Collaborating closely
with design + Eng
I sketched wireframes of the core interface functionalities based on my understanding of the system architecture
Priortization and Roadmapping
Used Impact vs. Effort Matrix to prioritize and test our ideas fast
Given the technical complexity of the solution we needed to build, I had to plan and fully roadmap our feature set beforehand so that (1) the engineering team can build each step quickly and (2) so we can put something in the hands of users to test hypothesis.

ROADBLOCK
Users still felt our product was a black box, and it didn’t spark trust
Bringing teams together to build, test, and improve fast
Facilitated cross-functional collaboration between design, engineering, and users to develop and validate a minimal functional product bi-weekly. Leveraged agile methodologies to iterate rapidly, incorporating incremental features based on user feedback and strategic priorities.
Building Trust with ai
Transparency and user agency are key to rebuilding trust in AI
Building Trust: I laid out a human-in-the-loop AI training system with two core principles
Show the model's output transparently
Make them feel that the model's confidence scores were well calibrated
Motivate the analysts to make corrections
and show their corrections having an impact on the model performance.
For each document, we had a set of extracted fields with confidence scores. Users could review and verify extracted data, correcting any inaccuracies
Surfaced data with low confidence scores at the top, allowing users to focus on verifying uncertain data first
Every 50 corrections, we'd retrain the model and show the updated performance on their data - continually improving its accuracy over time.
This allowed us to build trust in two stages:
First when users realized that they could trust the model's confidence scores
Second, when users saw the model learn from their corrections
outcome
We launched Artemis 1.0 two weeks ahead of schedule!

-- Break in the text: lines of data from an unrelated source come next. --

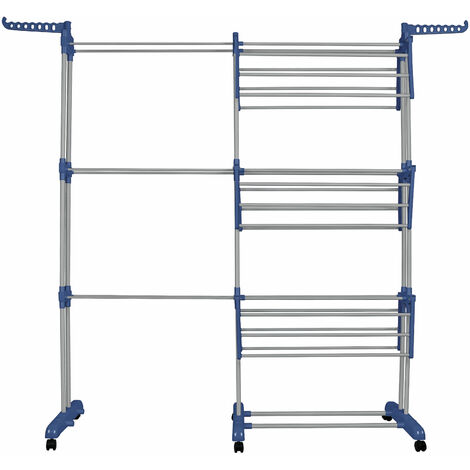Tendedero de torre extensible con 6 alas plegables en 3 niveles, Tendedero extensible de 75 a 142 cm, Plegable, Azul+gris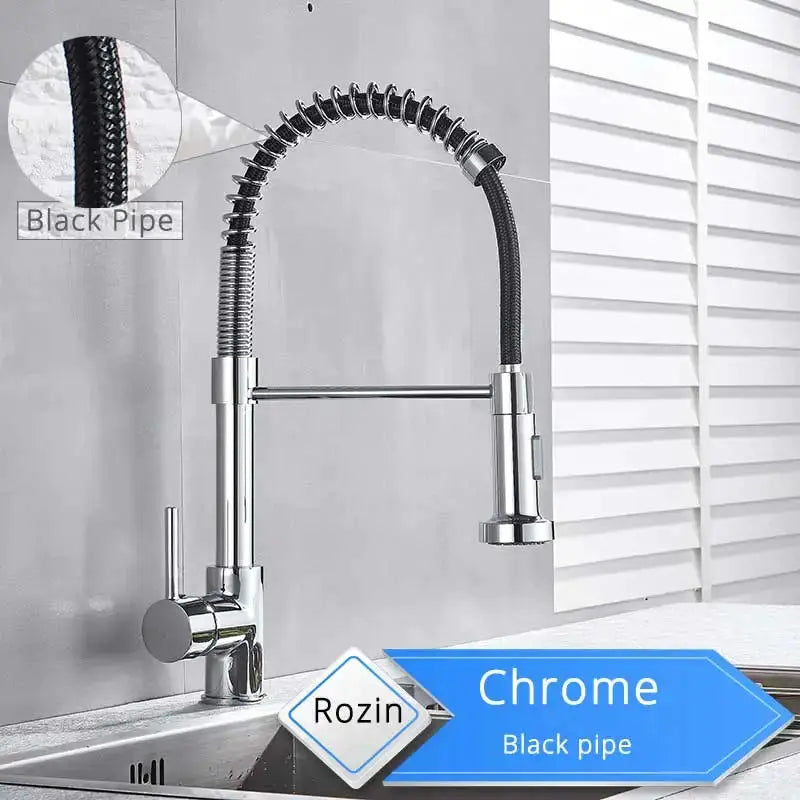 Rozin kitchen faucet deck-mounted mixer with chrome body and black coil hose, 360° swivel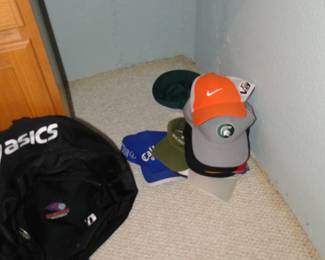 Stack of baseball caps waiting to be displayed nicely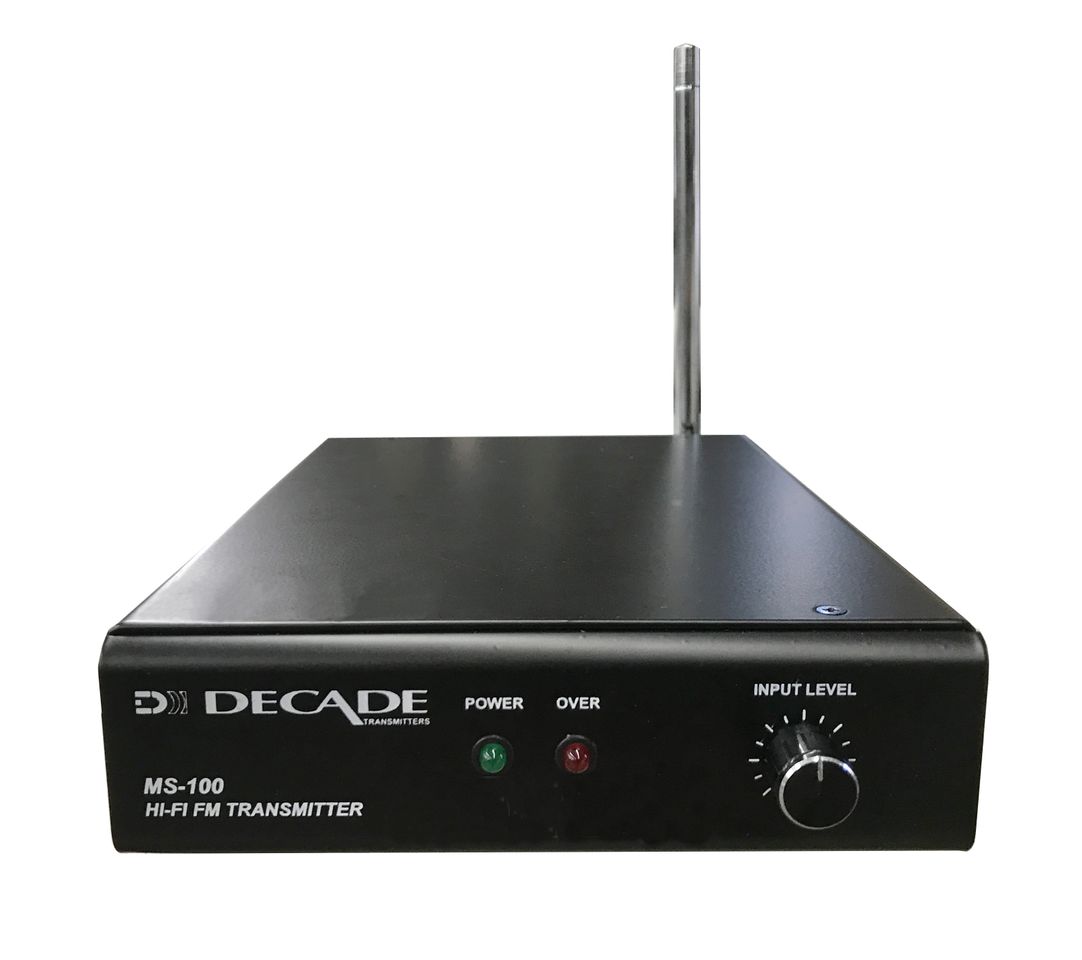 The Decade MS-100 MONO FM Transmitter is available at Hollywood Sound Systems. The Decade MS-100 MONO FM Transmitter is at Hollywood Sound Systems.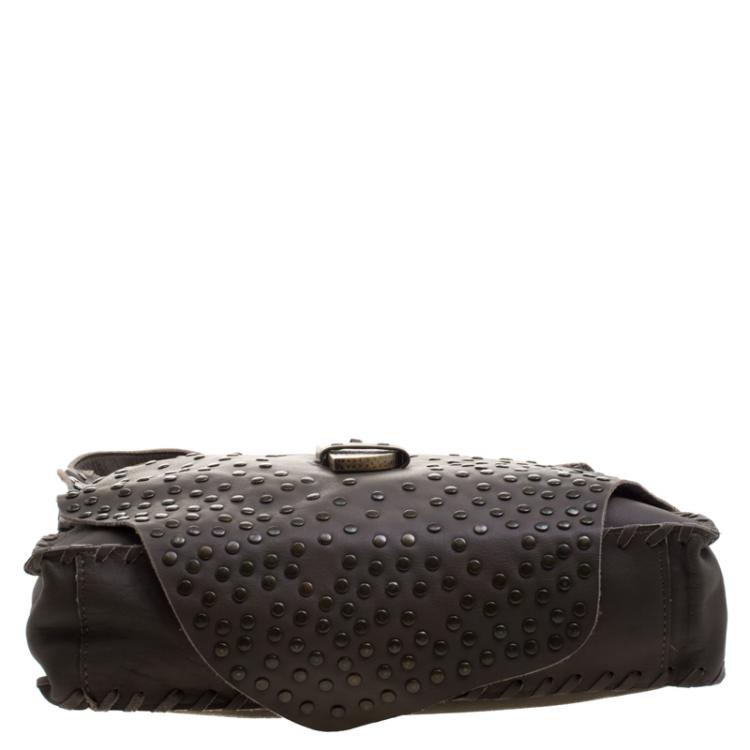 Pre Owned House Of Harlow 1960 Fatigue Green Leather Studded Devon Messenger Bag 
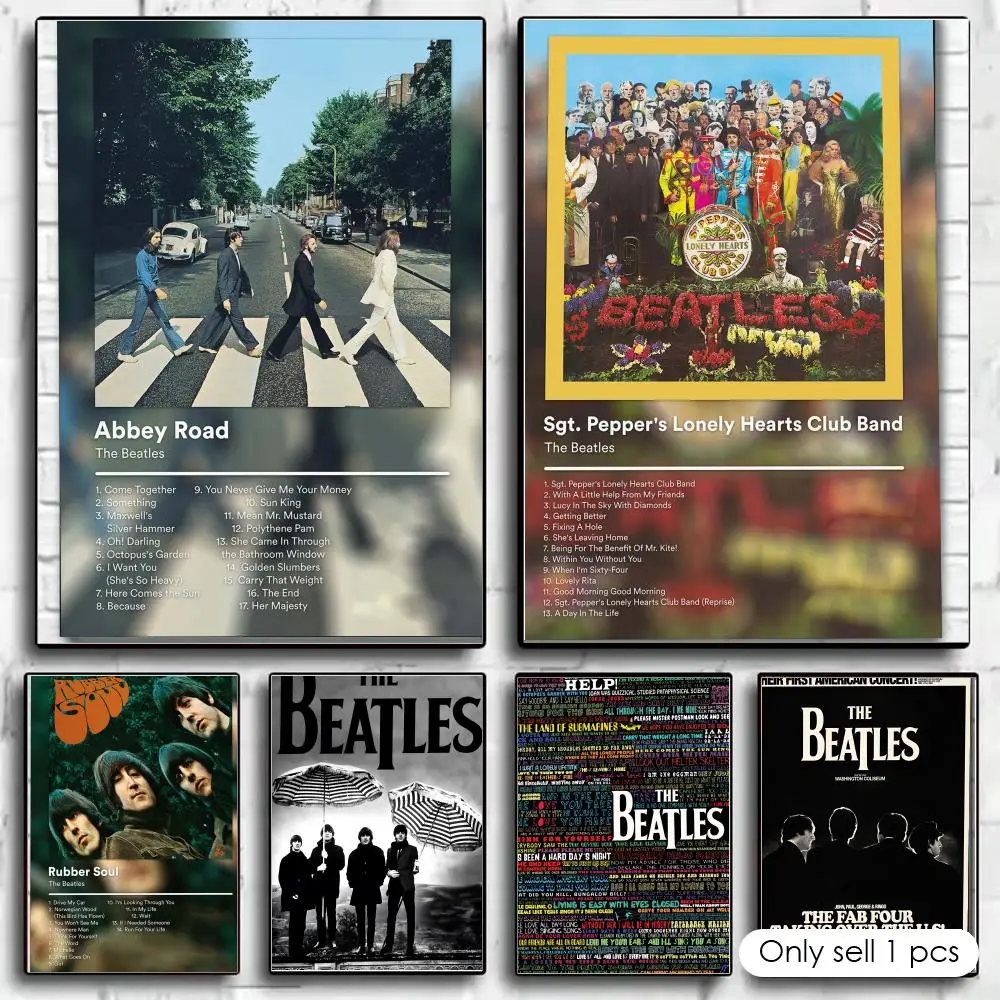 Pôster da banda pop t-the beatles, decoração de parede para quarto, adesivos à prova d'água para decoração de casa, bar, quarto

This project really drove home how important it is to understand what users actually need and to build trust by being transparent and involving them every step of the way. Honestly, it was exciting to see how combining AI with thoughtful design could not only tackle a really tricky technical problem but also win over skeptical users. The success of Artemis showed me firsthand that when you align innovative tech with a user-first approach, you create solutions that truly make an impact—and deliver real business value
Reduced processing time (north star metric) from 20 mins to 2 mins per document
with 95% data extraction accuracy
Secured a $1.2 million annual contract
Reflection
For AI products, building trust is just as important as the functional product experience
“Working on this project taught me that for AI products, building trust is just as important as delivering a great functional experience. I realized how critical it is to truly understand user needs and involve them every step of the way, especially when skepticism is high. By combining innovation with thoughtful design choices, we didn’t just solve a tough technical challenge—we built transparency and trust with our users. Seeing the success of Artemis firsthand reinforced for me that aligning innovation with user-centric design can create solutions that are not only impactful but also deeply valued by the people who use them.”